No relatório, a Conab fez ajustes nas suas projeções de safra e no quadro de oferta e demanda. Em função de problemas climáticos em regiões produtoras, a produção do grão foi revisada de 153,48 milhões para 152,71 milhões de toneladas.
O ItaúBBA também coloca o possível aumento da mistura de biodiesel como ponto de atenção do mercado. Em relatório mensal, destaca que a mudança elevaria a demanda das indústrias para esmagamento de soja, com efeito sobre as exportações do grão.
“No Brasil, os players também devem ficar de olho em um possível aumento da mistura de biodiesel no diesel a partir de abril, o que poderia aumentar a necessidade de esmagamento e, consequentemente, impactar os prêmios nos portos”, diz o ItaúBBA.
Pelo menos por enquanto, o enfraquecimento dos prêmios tem ajudado a pressionar as cotações da soja. É o que avalia o Centro de Estudos Avançados em Economia Aplicada (Cepea), mencionando também a movimentação do dólar e as estimativas de safra recorde do Brasil, apesar do clima.
O indicador do Cepea, com base no corredor de exportação de Paranaguá (PR) acumula baixa de 4,27% neste mês, até a segunda-feira (16/1), quando valia em R$ 176,56 a saca de 60 quilos. No dia 2 de janeiro, a referência foi cotada a R$ 183,56 a saca. Desde o dia 6, tem sido cotado abaixo de R$ 180.
“Sojicultores estão com as atenções voltadas às atividades de campo e não mostram interesse em negociar o remanescente da safra 2021/22”, avaliam os pesquisadores do Cepea, em nota divulgada na segunda-feira (16/1).
A colheita da safra nova está em andamento, com relatos de atrasos no trabalho de campo. Em Mato Grosso, maior produtor nacional, o Instituto Mato-grossense de Economia Agropecuária (Imea) reportou um avanço de 1,36 ponto percentual na semana encerrada na sexta-feira (13/1). De acordo com a instituição, as colheitadeiras percorreram 2,38% das lavouras do Estado.

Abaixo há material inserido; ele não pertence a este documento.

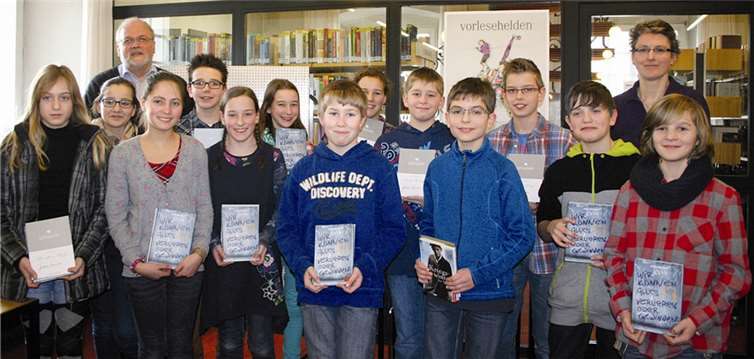 Alle Teilnehmer des Vorlesewettbewerbs erhielten Urkunden und ein Buchpräsent. HG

Na mesma época na safra passada, tinham passado por 4,16%.
Em todo o país, a consultoria Pátria AgroNegócios estimou na última sexta-feira (13/1) uma colheita de 0,85% da área, também com atraso em relação à temporada 2021/2022. Nesta mesma época no ciclo anterior, o trabalho de campo estava em 1,68% do total. A média histórica é de 1,27%.
Governo x Indústria
A mistura de biodiesel foi tema de discussão entre responsáveis pela área no então governo de Jair Bolsonaro e o setor produtivo. A previsão era passar para B14 (14%) em 2022. No entanto, o Ministério da Minas e Energia decidiu manter a mistura em 10%, sob o argumento de conter a alta dos combustíveis e evitar a pressão sobre a inflação.
No final do ano passado, em meio à retração dos preços dos combustíveis estimulada por medidas tributárias do governo federal, o Ministério de Minas e Energia novamente resolveu manter os 10% pelo menos até março deste ano, deixando a decisão para o novo governo. Houve reação negativa do setor e no então gabinete de transição do governo Lula, que chegou a dizer que veria meios de reverter a medida, o que não ocorreu.
Considerando a possibilidade de mistura maior, a Associação Brasileira das Indústrias de Óleos Vegetais (Abiove) atualizou seus números de oferta e demanda. Reduziu a projeção para a safra de soja 2022/2023, de 153,5 milhões para 152,6 milhões de toneladas, e a previsão de exportações de soja em grão, de 93 milhões para 92 milhões de toneladas em 2023.
Em relação aos derivados, a Abiove manteve as projeções de produção em 40,2 milhões de toneladas de farelo e de 10,7 milhões de toneladas de óleo de soja. Ainda assim, os números são maiores que os de 2022, de 38,6 milhões de toneladas de farelo e 10,2 milhões de toneladas de óleo.
“A expectativa quanto ao processamento do grão segue em 52,5 milhões de toneladas, o maior já registrado em toda a série histórica. Vale mencionar que a Abiove considera a retomada da mistura de biodiesel, 15% (B15), a partir de março, conforme cronograma previsto na legislação”, diz a entidade, em nota.